I'm writing a C program in which I need to pass messages between child processes and the main process. But the thing is, I need to do it without using the functions like msgget()
and msgsnd()
How can I implement? What kind of techniques can I use?
CodePudding user response:
There are multiple ways to communicate with children processes, it depends on your application.
Very much depends on the level of abstraction of your application.
-- If the level of abstraction is low:
If you need very fast communication, you could use shared memory (e.g. shm_open()
). But that would be complicated to synchronize correctly.
The most used method, and the method I'd use if I were in your shoes is: pipes.
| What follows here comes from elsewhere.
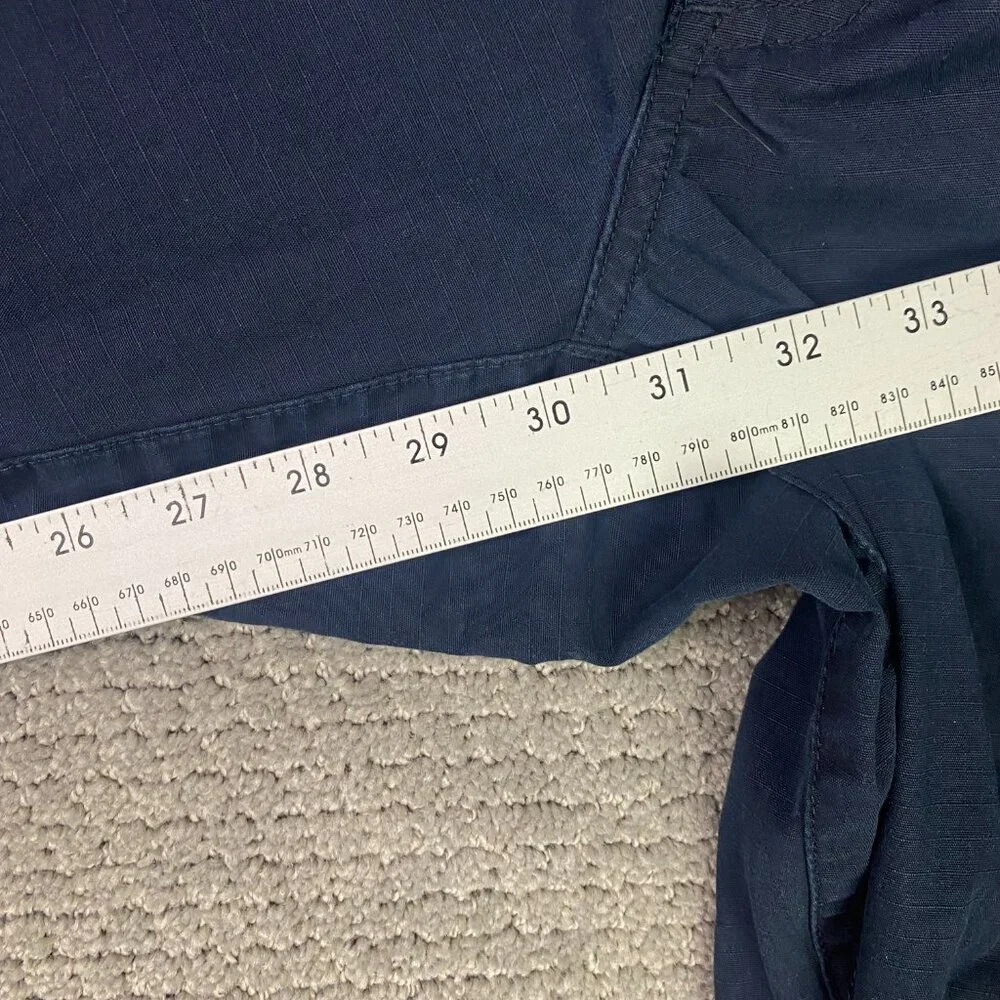 5.11 Tactical Taclite Pro Pants Men's 44 x 32 Measures 42.5 x 30.5 Blue Cargo - Picture 14 of 14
It's simple, fast, and since pipes file descriptors are supported by epoll()
and those kind of asynchronous I/O APIs, you can take advantage from this fact.
Another plus is that, if your application grows, and you need to communicate with remote processes (processes that are not in your local machine), adapting pipes to sockets is very easy, basically it's still the same reading/writing from/to a file descriptor.
Also, Unix-domain sockets (which in other platforms are called "named pipes") let you to have a server process that creates a listening socket with a very well known name (e.g. an entry in the filesystem, such as /tmp/my_socket
) and all clients in the local machine can connect to that.
Pipes, networking sockets, or unix-domain sockets are very interchangeable solutions, because - as said before - all involve reading/writing data from/to a file descriptor, so you can reuse the code.
The disadvantage with a file descriptor is that you're writing data to a stream of bytes, so you need to implement the "message streaming protocol" of your messages by yourself, to "unstream" your messages (marshalling/unmarshalling), but that's not so complicated in the most of the cases, and that also depends on the kind of messages you're sending.
I'd pass on other solutions such as memory mapped files and so on.
-- If the level of abstraction is higher:
You could use a 3rd party message passing system, such as RabbitMQ, ZMQ, and so on.